When tasting their powers we see butterflies coming down in a blessing. Snakes are used in shadow to build tension, highlighted against glass roof lights. Nature is the main special effect – lighting on the water, dead sharks on the beach. This plays very well with the witch theme, of getting back to nature and calling on the elements to give power.
An Enduring Call
On re-watch, The Craft stands up to time thanks to the excellent performances from the leads. It has charm, pathos, empathy in spades, underscored by the desperate need of teenagers to find their place and to challenge the bullies who seek to keep them down. It gave Fairuza Balk immortality as Nancy, with many fans wondering what happened to her after the credits rolled.
Perhaps 2020 will bring them their answer – a sequel is now in pre-production. There’s a great spoof trailer available to watch here as we await news on how the sequel will shape up, or whether any of the original cast will be in it:
As Nancy says in the fake trailer, ‘Payback’s a witch, I mean bitch’.
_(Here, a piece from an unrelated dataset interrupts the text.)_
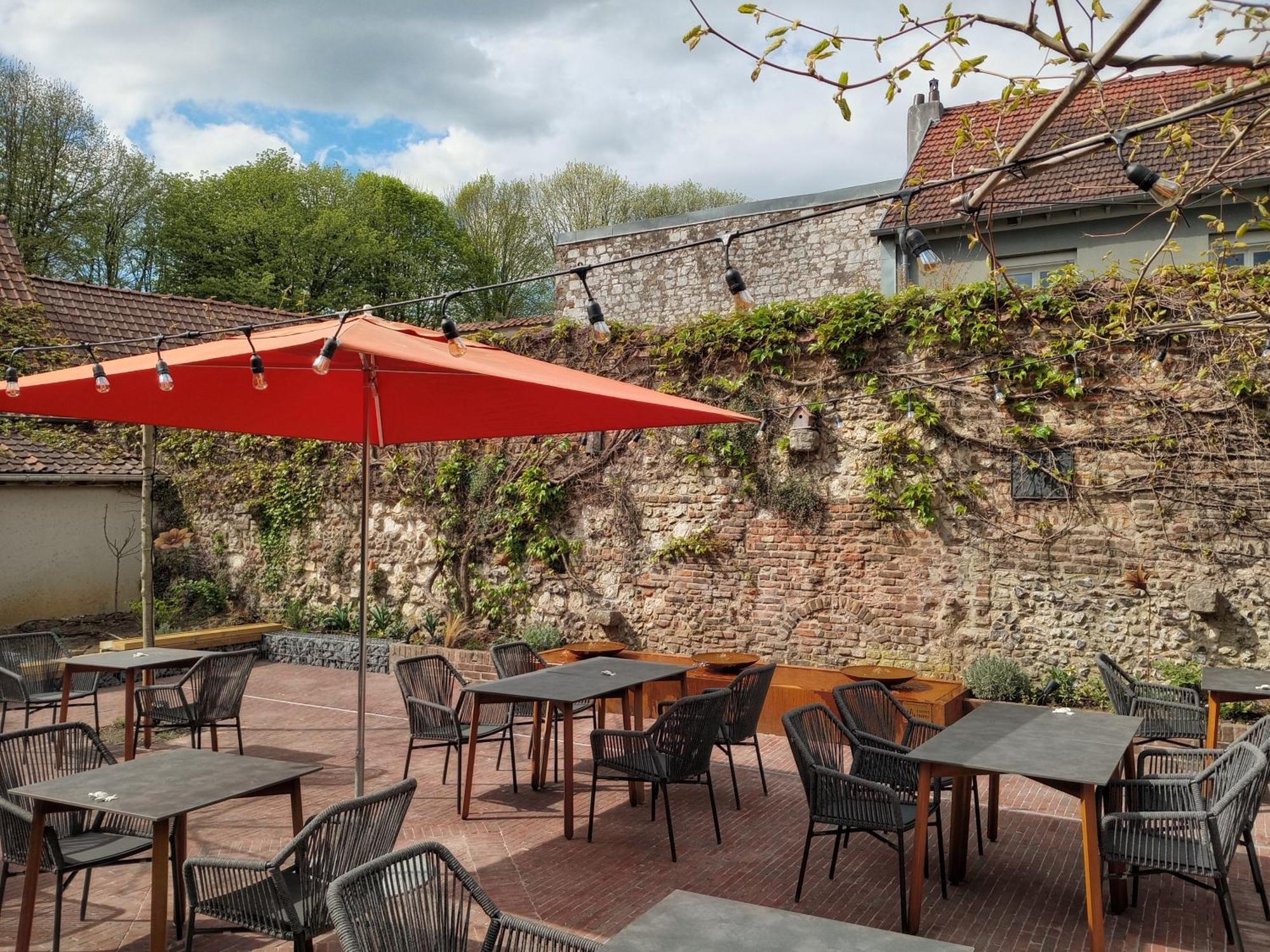 Logis Hotel & Restaurant - Les Hauts De Montreuil Montreuil  Kültér fotó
Now Is the End, Let Her Go In Peace
In conclusion, The Craft feels like The Lost Boys’ girl child in execution, with that same draw of attractive outcasts with powers taking on the world (or Los Angeles, for starters). It’s a good Halloween watch for teenagers – while visually it screams 1990s, it has instantly relatable characters, an emotional depth and enough sass to remain engaging.
Settle back, Nancy socks on. Invoke the spirit.